## WHAT IS EXPECTED
Reproduce exactly the lines of the material beneath, from the line that contains "India Flag With" to the line that contains "Old Navy Old", both included, and no other lines.
START STUDY MATERIAL
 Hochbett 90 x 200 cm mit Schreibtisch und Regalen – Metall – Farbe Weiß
END STUDY MATERIAL
START STUDY MATERIAL
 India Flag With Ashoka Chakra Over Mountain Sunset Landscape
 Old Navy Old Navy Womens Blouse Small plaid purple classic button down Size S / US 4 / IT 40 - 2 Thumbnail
END STUDY MATERIAL
START STUDY MATERIAL
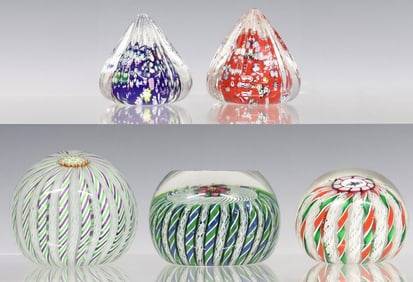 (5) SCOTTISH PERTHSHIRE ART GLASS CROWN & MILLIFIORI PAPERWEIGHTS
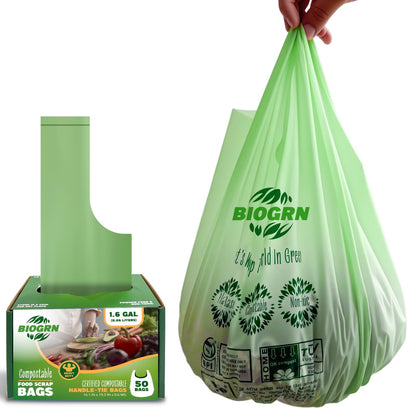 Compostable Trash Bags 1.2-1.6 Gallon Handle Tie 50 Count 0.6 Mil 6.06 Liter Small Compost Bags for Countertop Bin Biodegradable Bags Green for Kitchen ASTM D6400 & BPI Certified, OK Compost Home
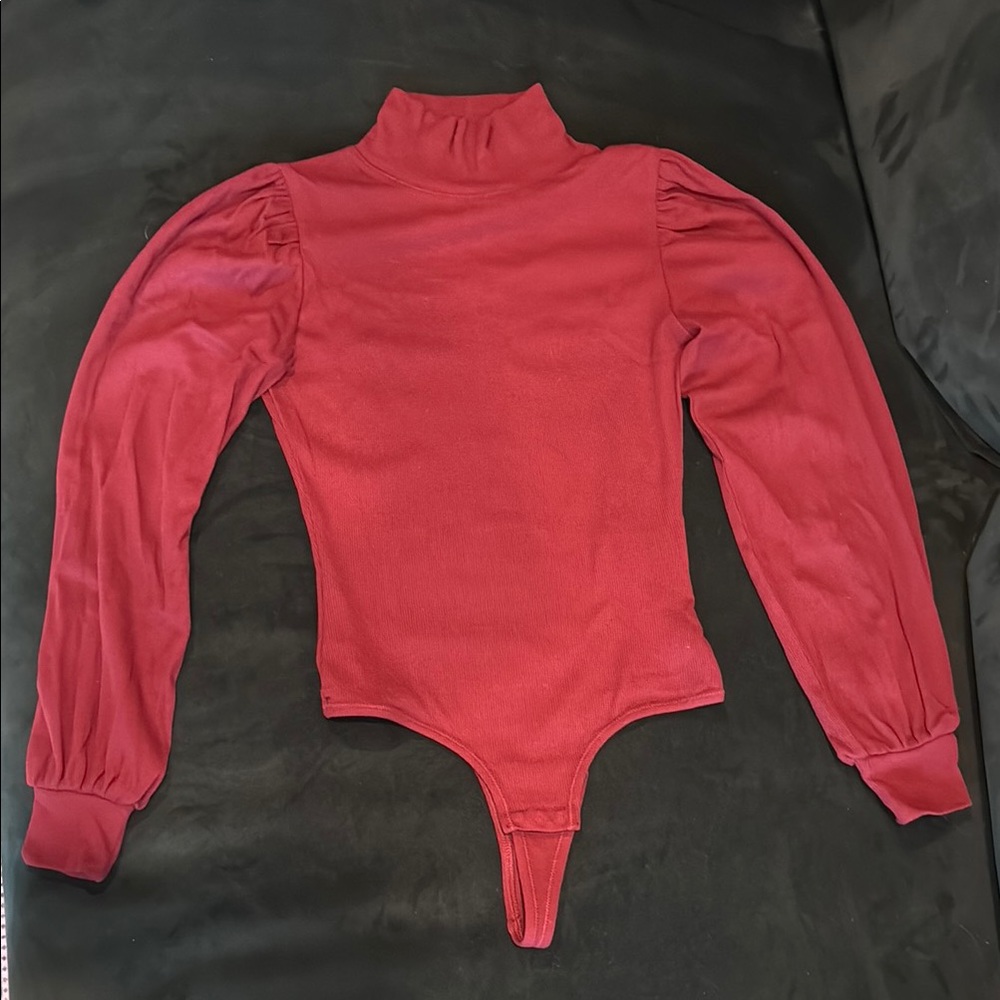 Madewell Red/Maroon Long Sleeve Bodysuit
END STUDY MATERIAL
## TASK SOLUTION
 India Flag With Ashoka Chakra Over Mountain Sunset Landscape
 Old Navy Old Navy Womens Blouse Small plaid purple classic button down Size S / US 4 / IT 40 - 2 Thumbnail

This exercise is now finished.